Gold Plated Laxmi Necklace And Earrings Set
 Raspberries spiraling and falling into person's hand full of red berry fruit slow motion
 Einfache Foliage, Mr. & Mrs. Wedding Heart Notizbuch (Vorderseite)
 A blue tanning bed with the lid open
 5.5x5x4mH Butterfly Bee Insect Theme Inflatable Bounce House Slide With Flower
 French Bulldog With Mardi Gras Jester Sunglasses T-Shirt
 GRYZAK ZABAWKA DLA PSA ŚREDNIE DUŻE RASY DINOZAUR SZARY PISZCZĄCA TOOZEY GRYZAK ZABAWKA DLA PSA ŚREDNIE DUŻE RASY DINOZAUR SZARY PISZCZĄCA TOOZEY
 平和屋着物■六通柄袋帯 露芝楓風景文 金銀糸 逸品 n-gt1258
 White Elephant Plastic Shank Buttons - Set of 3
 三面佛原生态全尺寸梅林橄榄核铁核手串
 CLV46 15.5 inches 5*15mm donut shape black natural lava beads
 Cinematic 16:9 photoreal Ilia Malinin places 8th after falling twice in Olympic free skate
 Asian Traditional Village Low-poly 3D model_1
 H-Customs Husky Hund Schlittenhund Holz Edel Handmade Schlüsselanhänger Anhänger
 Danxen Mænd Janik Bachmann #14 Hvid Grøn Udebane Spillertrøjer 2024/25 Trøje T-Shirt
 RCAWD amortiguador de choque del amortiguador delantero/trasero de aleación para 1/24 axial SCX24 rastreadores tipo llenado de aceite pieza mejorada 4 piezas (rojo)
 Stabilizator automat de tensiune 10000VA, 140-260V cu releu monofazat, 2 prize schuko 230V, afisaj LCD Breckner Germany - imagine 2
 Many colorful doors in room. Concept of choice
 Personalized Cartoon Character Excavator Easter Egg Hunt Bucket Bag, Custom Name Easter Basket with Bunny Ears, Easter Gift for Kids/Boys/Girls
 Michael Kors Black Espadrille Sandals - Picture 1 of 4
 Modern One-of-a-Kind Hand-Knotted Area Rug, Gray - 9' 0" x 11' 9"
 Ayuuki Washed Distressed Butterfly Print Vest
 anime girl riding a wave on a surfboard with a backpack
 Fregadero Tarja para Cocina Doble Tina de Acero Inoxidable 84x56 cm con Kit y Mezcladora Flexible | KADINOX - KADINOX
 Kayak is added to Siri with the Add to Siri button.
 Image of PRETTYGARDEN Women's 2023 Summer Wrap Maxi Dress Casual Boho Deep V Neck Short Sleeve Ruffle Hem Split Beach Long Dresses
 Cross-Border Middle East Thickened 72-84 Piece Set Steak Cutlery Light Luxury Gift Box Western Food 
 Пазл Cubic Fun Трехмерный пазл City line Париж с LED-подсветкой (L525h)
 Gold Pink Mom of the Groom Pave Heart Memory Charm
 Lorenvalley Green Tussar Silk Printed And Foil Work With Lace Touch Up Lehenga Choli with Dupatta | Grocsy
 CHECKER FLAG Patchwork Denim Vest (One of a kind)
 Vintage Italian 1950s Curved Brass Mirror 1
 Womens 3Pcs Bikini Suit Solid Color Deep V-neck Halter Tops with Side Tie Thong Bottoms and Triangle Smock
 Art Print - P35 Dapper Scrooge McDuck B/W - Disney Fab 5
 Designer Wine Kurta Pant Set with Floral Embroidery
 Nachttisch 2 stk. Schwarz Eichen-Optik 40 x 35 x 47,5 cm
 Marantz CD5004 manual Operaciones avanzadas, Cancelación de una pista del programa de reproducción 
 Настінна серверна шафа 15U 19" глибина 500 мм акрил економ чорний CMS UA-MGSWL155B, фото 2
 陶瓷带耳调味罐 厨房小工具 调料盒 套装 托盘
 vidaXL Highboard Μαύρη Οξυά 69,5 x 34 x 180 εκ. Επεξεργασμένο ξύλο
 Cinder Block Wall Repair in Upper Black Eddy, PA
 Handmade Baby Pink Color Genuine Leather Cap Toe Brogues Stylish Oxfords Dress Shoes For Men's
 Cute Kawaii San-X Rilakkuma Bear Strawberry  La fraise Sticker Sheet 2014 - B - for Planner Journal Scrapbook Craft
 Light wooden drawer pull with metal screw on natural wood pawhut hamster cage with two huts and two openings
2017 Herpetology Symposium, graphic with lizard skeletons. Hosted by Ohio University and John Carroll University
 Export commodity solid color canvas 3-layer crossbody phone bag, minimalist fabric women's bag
========================
[Work item] In the data above, which lines lie between the line with "anime girl riding" and the line with "Vintage Italian 1950s Curved Brass Mirror 1", inclusive? Print those lines exactly and nothing else.

[The answer]
 anime girl riding a wave on a surfboard with a backpack
 Fregadero Tarja para Cocina Doble Tina de Acero Inoxidable 84x56 cm con Kit y Mezcladora Flexible | KADINOX - KADINOX
 Kayak is added to Siri with the Add to Siri button.
 Image of PRETTYGARDEN Women's 2023 Summer Wrap Maxi Dress Casual Boho Deep V Neck Short Sleeve Ruffle Hem Split Beach Long Dresses
 Cross-Border Middle East Thickened 72-84 Piece Set Steak Cutlery Light Luxury Gift Box Western Food 
 Пазл Cubic Fun Трехмерный пазл City line Париж с LED-подсветкой (L525h)
 Gold Pink Mom of the Groom Pave Heart Memory Charm
 Lorenvalley Green Tussar Silk Printed And Foil Work With Lace Touch Up Lehenga Choli with Dupatta | Grocsy
 CHECKER FLAG Patchwork Denim Vest (One of a kind)
 Vintage Italian 1950s Curved Brass Mirror 1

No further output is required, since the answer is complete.